I testify that God, our Heavenly Father, loves each of you. He knows your name. He knows your circumstances. He hears your prayers and wants to bless you in every righteous desire through His Son, Jesus Christ. Like Alma, “I testify unto you that I do know that these things . . . are true. . . . They are made known unto me by the Holy Spirit of God” (Alma 5:45–46). I know these things because of my own journey. And if Heavenly Father loves me and knows of me—since He is no respecter of persons—He loves you as well.
My purpose today is to share with you five facets of my testimony that show God loves us. These are simple and quite personal. I pray that your testimony of God’s love for you will grow as you think of your own experiences and that together we may receive the “word of truth” through the Holy Ghost (D&C 50:17). I hope that as I speak, you will contemplate the many ways that God loves you. As I conclude today, I will ask you a question: “So what are you going to do?”
First: I testify that God loves us because He grants unto us the revelator known as the Holy Ghost.
It was October of 1972, a clear and sunny Sunday. I was a freshman at BYU. I rode my bicycle up Provo Canyon to Upper Falls. There I contemplated what in the world I was doing here. You see, I came to BYU as a nonmember. Why? Well, several friends at high school were going to BYU, and they simply invited me along. I applied to BYU, and when my parents and I visited campus, coming from smoggy and dry Southern California, we were sold. I knew very little about The Church of Jesus Christ of Latter-day Saints except that they didn’t smoke or drink.
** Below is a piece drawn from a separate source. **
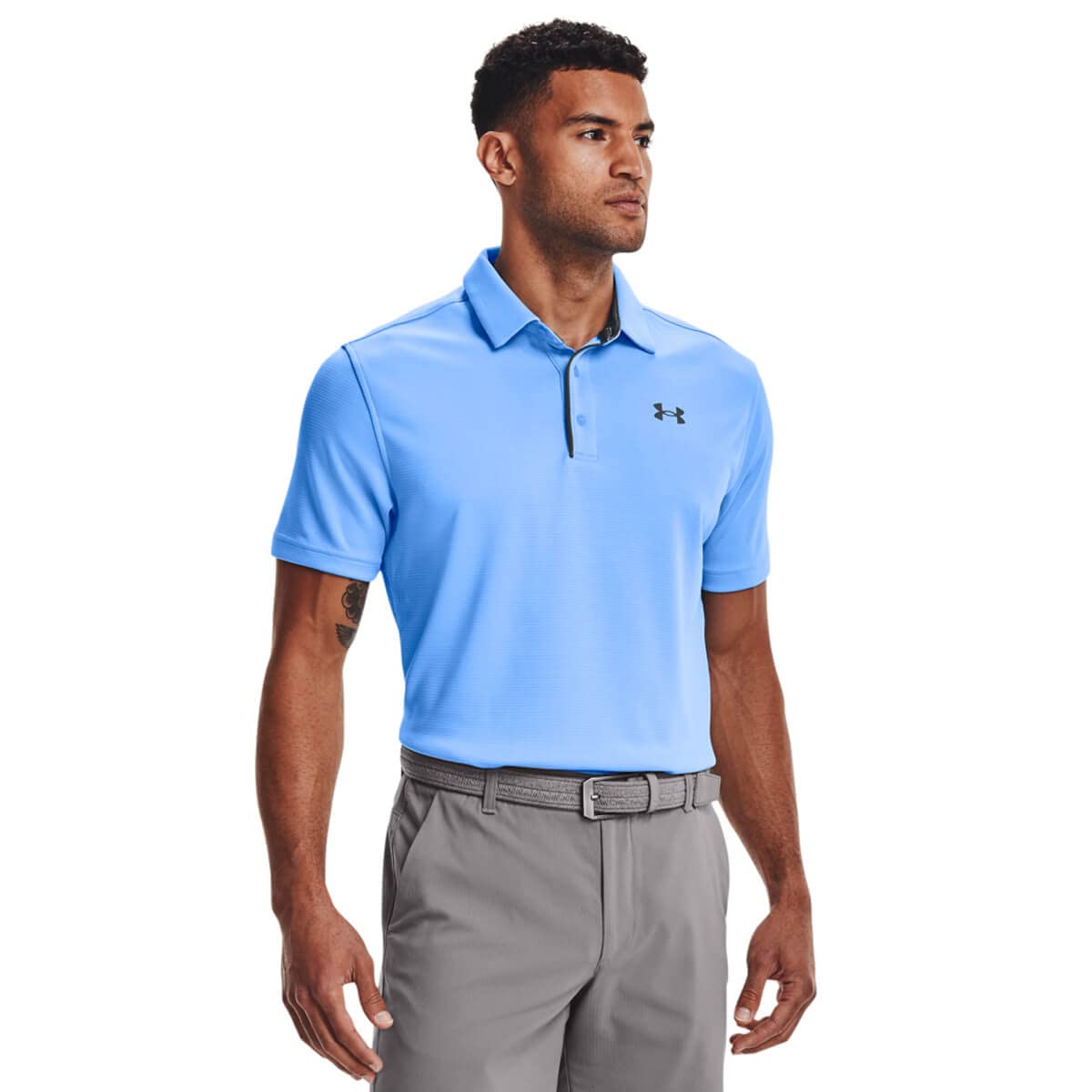 Under Armour Men's Tech Golf Polo T-Shirt, Carolina Blue / / Pitch Gray, 3XL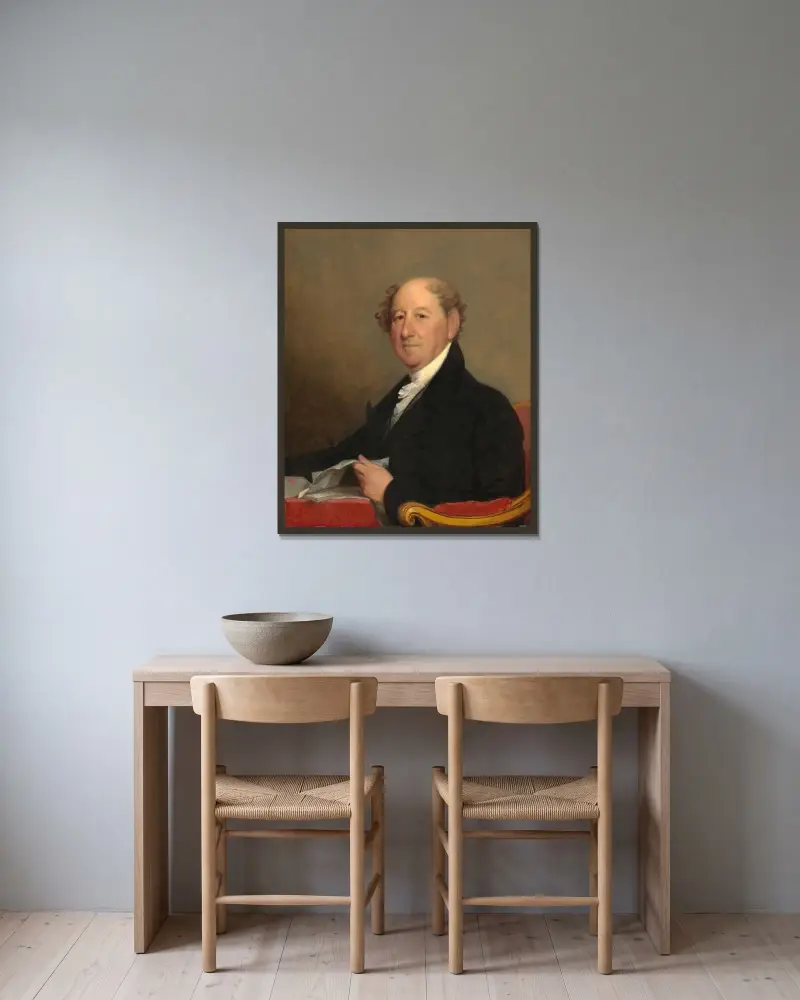 Rufus King von Gilbert Stuart gerahmt an einer Wand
I had arrived on campus a week or so early to attend a late summer honors program. There I met my first roommate, Rahn Price. After a long day we were ready to go to sleep in our room in Deseret Towers (may they rest in peace). Then something unusual happened. Rahn rolled out of bed, knelt at his bedside, and prayed silently. I didn’t know what to do. I was quite astonished. I finally said my own prayer:
Now I lay me down to sleep,
I pray the Lord my soul to keep;
Should I die before I wake,
I pray the Lord my soul to take.
I was done well before he was. Much later, Rahn said that was the most awkward prayer he had ever said. However, I’m grateful that he did say that prayer.
As the semester began, I learned about agency from a Book of Mormon teacher named Bruce Hafen. I learned of the Atonement. Although I had grown up in a Christian church and was raised by “goodly parents” (1 Nephi 1:1), these concepts were certainly deeper than the wading pool of doctrine I had grown up with.
Once the semester began, my friends in Helaman Halls invited me to church, but I respectfully declined. They did not pester me or make me feel out of place. On Sundays I would just do my own activities, limited as they were by a bicycle.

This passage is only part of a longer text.